* **Provided data**
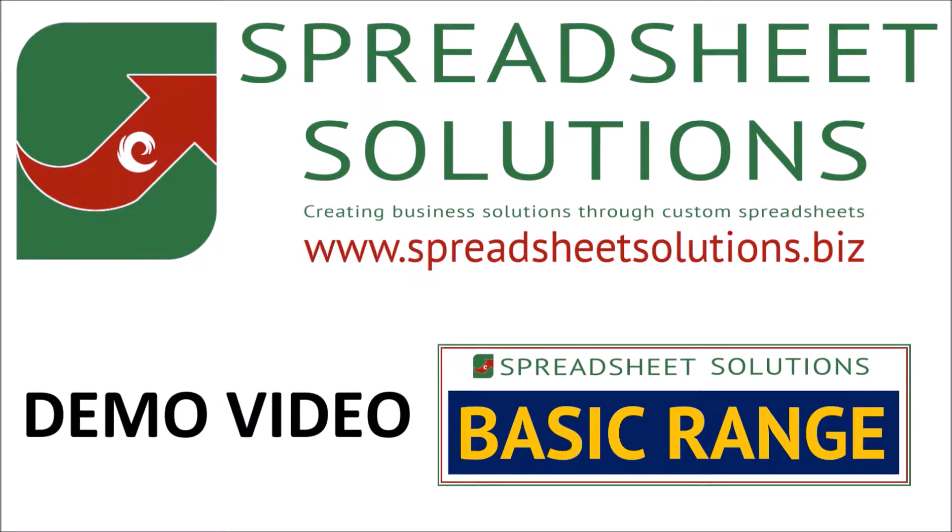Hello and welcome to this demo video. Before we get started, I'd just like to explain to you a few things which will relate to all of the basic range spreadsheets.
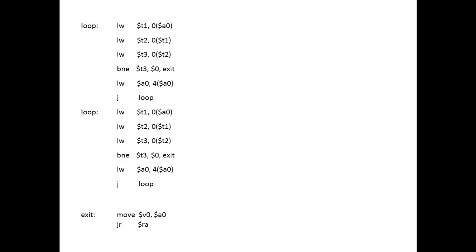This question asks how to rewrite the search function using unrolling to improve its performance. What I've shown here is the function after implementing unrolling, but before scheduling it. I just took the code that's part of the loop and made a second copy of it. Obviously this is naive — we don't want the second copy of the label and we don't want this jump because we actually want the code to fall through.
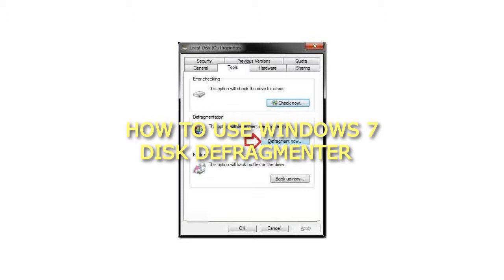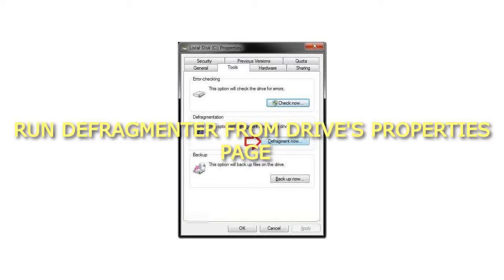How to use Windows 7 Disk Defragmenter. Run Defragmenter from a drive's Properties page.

* **Your objective**
The answer must be the listing above, restated word for word, with no images in it.

* **Result**
Hello and welcome to this demo video. Before we get started, I'd just like to explain to you a few things which will relate to all of the basic range spreadsheets.
This question asks how to rewrite the search function using unrolling to improve its performance. What I've shown here is the function after implementing unrolling, but before scheduling it. I just took the code that's part of the loop and made a second copy of it. Obviously this is naive — we don't want the second copy of the label and we don't want this jump because we actually want the code to fall through.
How to use Windows 7 Disk Defragmenter. Run Defragmenter from a drive's Properties page.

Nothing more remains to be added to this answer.